Quindi “pace” in Ucraina ma anche affari tra Washington e Mosca e intesa sugli equilibri di potere nel mondo. Un vertice criticato da Volodymyr Zelensky, che ha lamentato l’esclusione di Kiev e chiesto “colloqui equi” anche con Ue, Regno Unito e Turchia durante l’incontro ad Ankara con Recep Tayyip Erdogan – candidatosi ad ospitare i futuri negoziati di pace – prima di rinviare al 10 marzo la visita a Riad per evitare coincidenze sospette. Intanto Emmanuel Macron – secondo la Reuters – ha in programma di ospitare domani un secondo incontro per discutere di Ucraina e sicurezza europea, probabilmente in videocollegamento, estendendo l’invito ai Paesi europei che non erano presenti ai colloqui di lunedì e al Canada, alleato della Nato.

“Tutte le parti devono fare concessioni”, ha detto il segretario di Stato Marco Rubio dopo quello che ha definito un “pre-negoziato”, quattro ore e mezzo di faccia a faccia in uno dei palazzi della famiglia reale saudita, Diriyah, nel complesso di Albasatin. Alla destra dei mediatori arabi – il ministro degli Esteri saudita, il principe Faisal bin Farhan Al Saud, e il consigliere per la sicurezza nazionale saudita Mosaad bin Mohammad Al-Aiban – Rubio, il consigliere per la Sicurezza nazionale Mike Waltz e l’inviato per il Medio Oriente Steve Witkoff. Alla sinistra il ministro degli Esteri russo Sergei Lavrov e il consigliere diplomatico del Cremlino Iuri Ushakov. Nessuna stretta di mano iniziale, almeno davanti a fotografi e cameramen. Presente, ma ad altri incontri a margine, anche Kirill Dmitriev, l’oligarca consigliere informale del Cremlino con studi in Usa, un passato a Goldman Sachs e McKinsey ed ora ceo del fondo di investimento sovrano russo. Esclusi, almeno per ora, Zelensky e il vecchio continente, sebbene Rubio abbia assicurato che “anche l’Europa dovrà sedersi al tavolo dei negoziati”, se non altro perché “ha imposto sanzioni a Mosca”. Poco dopo l’incontro il capo della diplomazia Usa ha avuto una conferenza telefonica per un primo confronto con i ministri degli Esteri del Quint: Antonio Tajani e i colleghi di Francia, Germania e Regno Unito più la rappresentante Ue Kaja Kallas.

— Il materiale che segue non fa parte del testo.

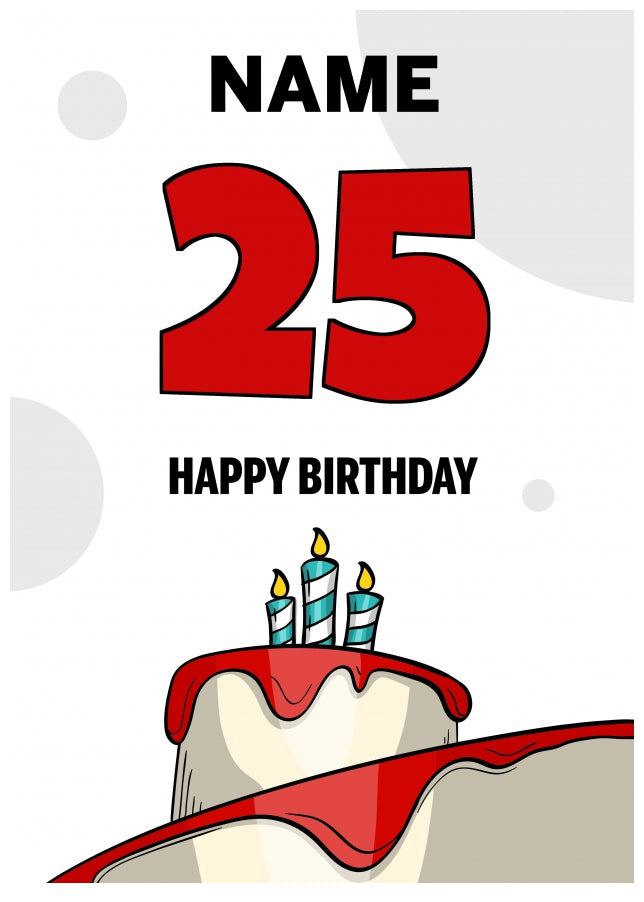 Happy 25th Birthday Card - Bold Birthday Cake Design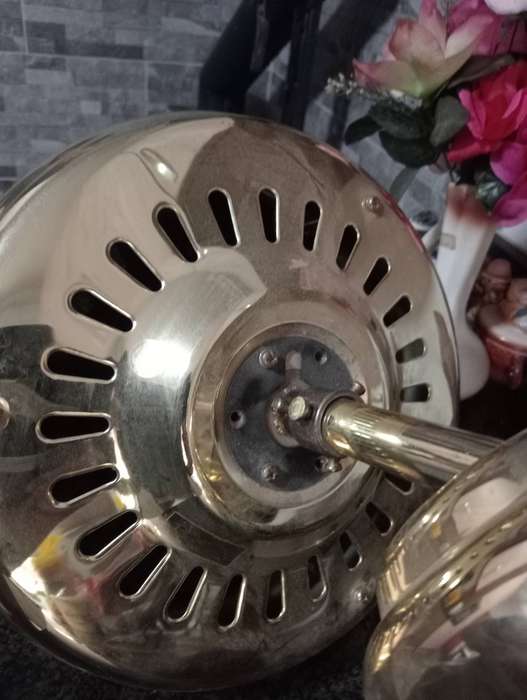 VINTAGE BRASS CEILING LIGHT 4 ARMS AND SHADES WITH BLADES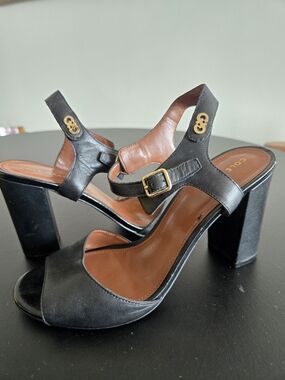 Cole Haan Black Leather Block Heel Sandals Ankle Strap 7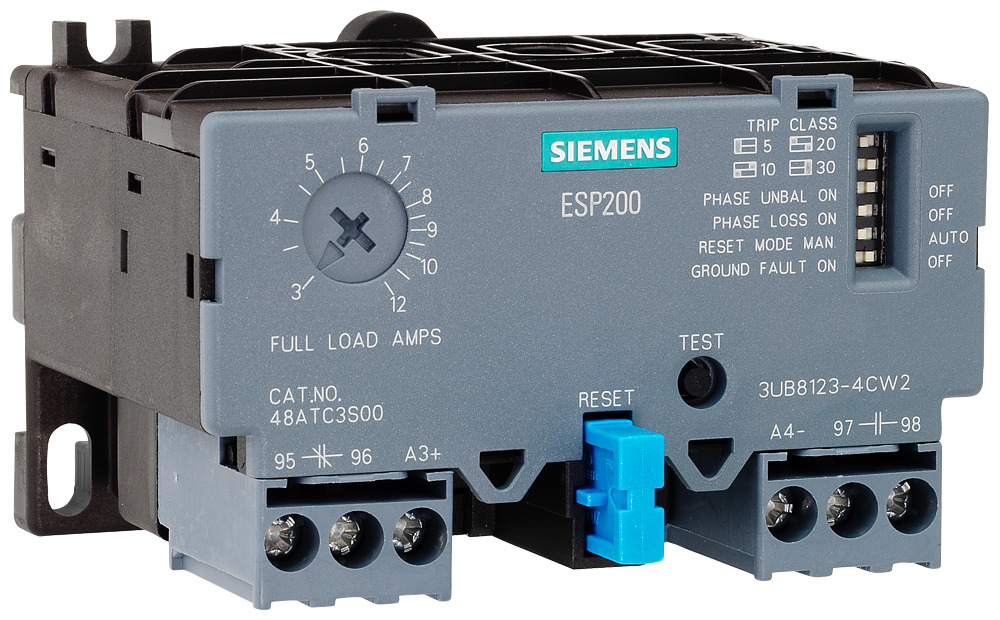 3UB81234DW2 ESP200 3-Phase Solid State Overload Relay, 5.5 to 22 A, 1NO-1NC 1 Form A/1 Form B Contact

Il Cremlino, dal canto suo, ha ribadito che Vladimir Putin è pronto a negoziati con Zelensky “se necessario”, risollevando però il problema della sua legittimità, dato che è rimasto in carica dopo la scadenza nel maggio 2024 grazie alla legge marziale. Tant’è che uno dei punti fissi dei vari presunti piani di pace trapelati finora evoca nuove elezioni in Ucraina. Per ora sembra Mosca a dettare le condizioni. Prima dell’incontro a Riad, il Cremlino aveva messo in chiaro che una “soluzione a lungo termine” del conflitto è “impossibile senza un esame completo delle questioni di sicurezza nel continente” europeo. Il riferimento, in particolare, è all’espansione della Nato verso est e all’impegno preso nel 2008 a far entrare Ucraina e Georgia, pur senza fissare una data. Il giorno prima Lavrov aveva escluso qualsiasi cessione territoriale, mentre oggi ha insistito sul fatto che per Mosca “è inaccettabile” lo schieramento in Ucraina di forze di Paesi Nato in operazioni di peacekeeping. Dopo il vertice, il capo della diplomazia russa ha riferito che gli americani hanno iniziato a “comprendere meglio” la posizione di Mosca e che russi e americani non solo si sono “ascoltati” a vicenda, ma si sono anche “compresi”.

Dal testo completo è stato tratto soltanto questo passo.